(Work instruction):
Would you return exactly the lines below from the line with "Deerview Lodge & Cabins - Princeton BC" through the line with "Heidi Robinson taking a selfie", both included, and nothing else, leaving out the pictures?

(Data extract):

▬▬▬▬▬▬

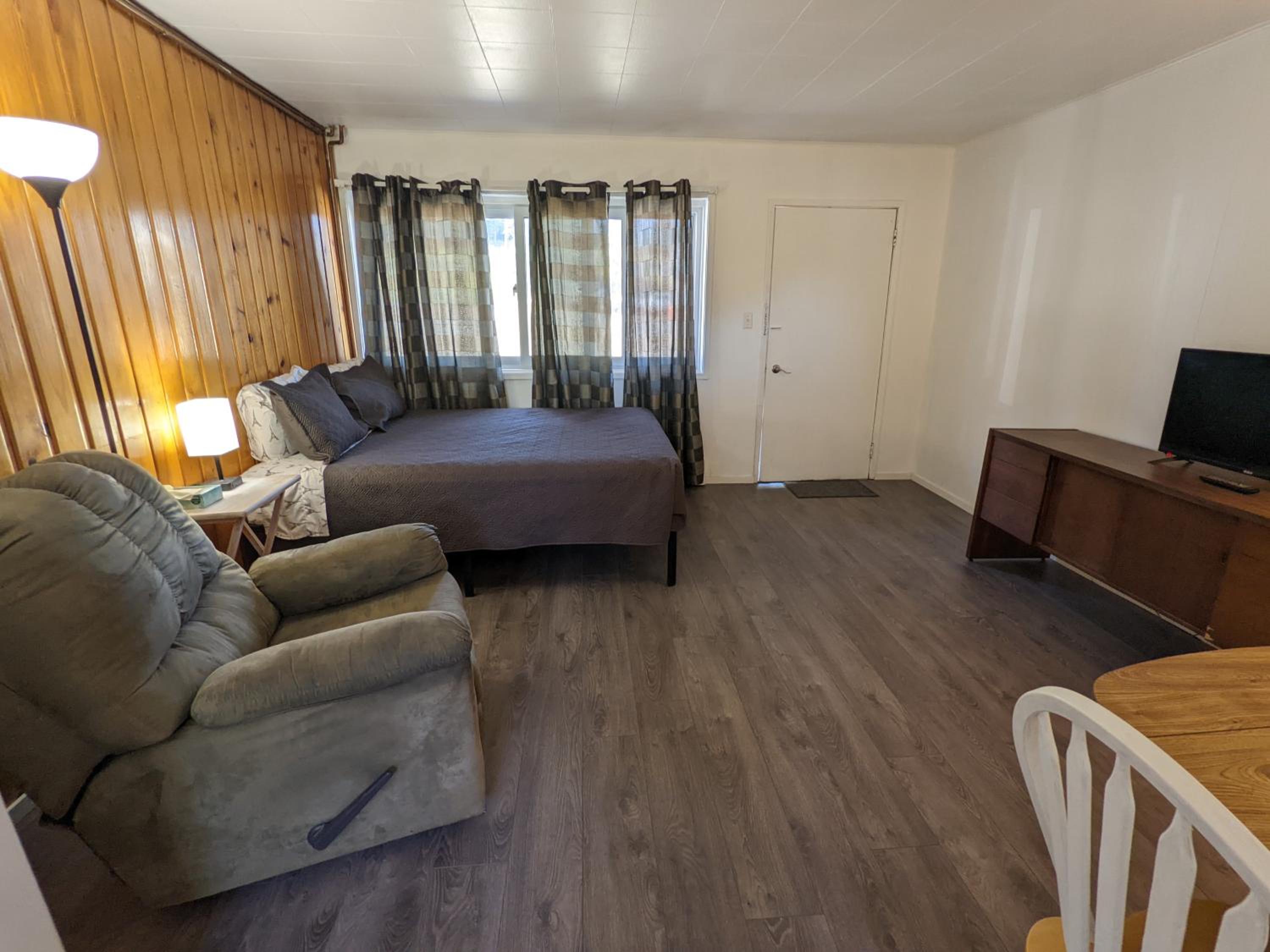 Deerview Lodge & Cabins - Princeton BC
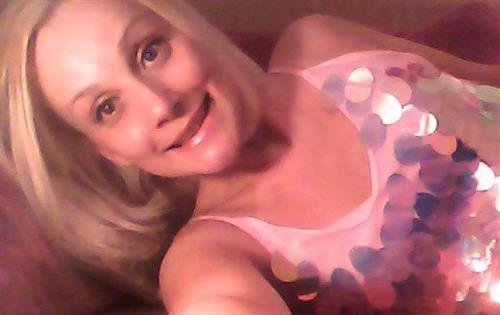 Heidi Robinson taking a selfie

▬▬▬▬▬▬

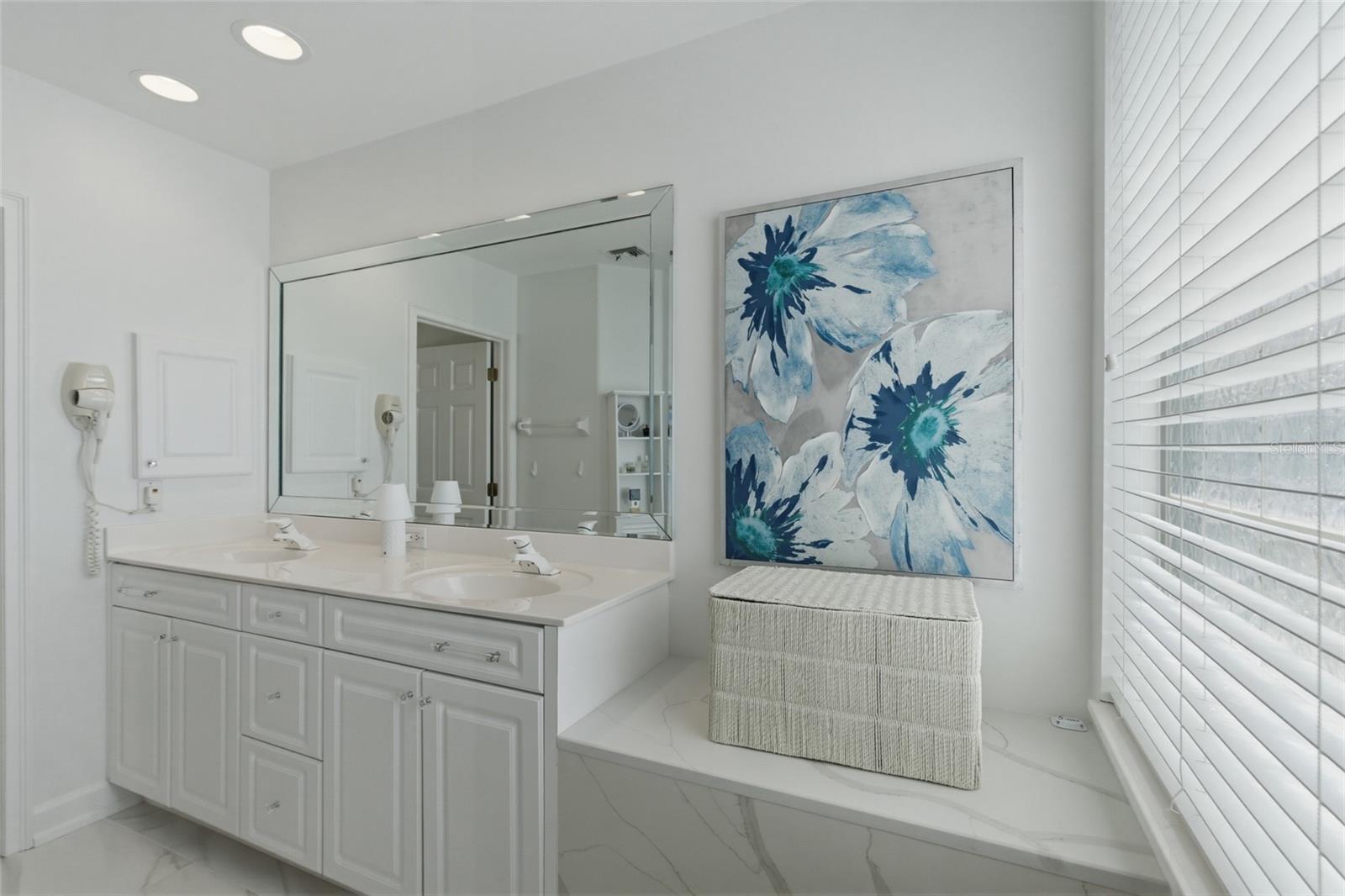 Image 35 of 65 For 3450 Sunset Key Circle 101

▬▬▬▬▬▬

(Solution to the problem):
 Deerview Lodge & Cabins - Princeton BC
 Heidi Robinson taking a selfie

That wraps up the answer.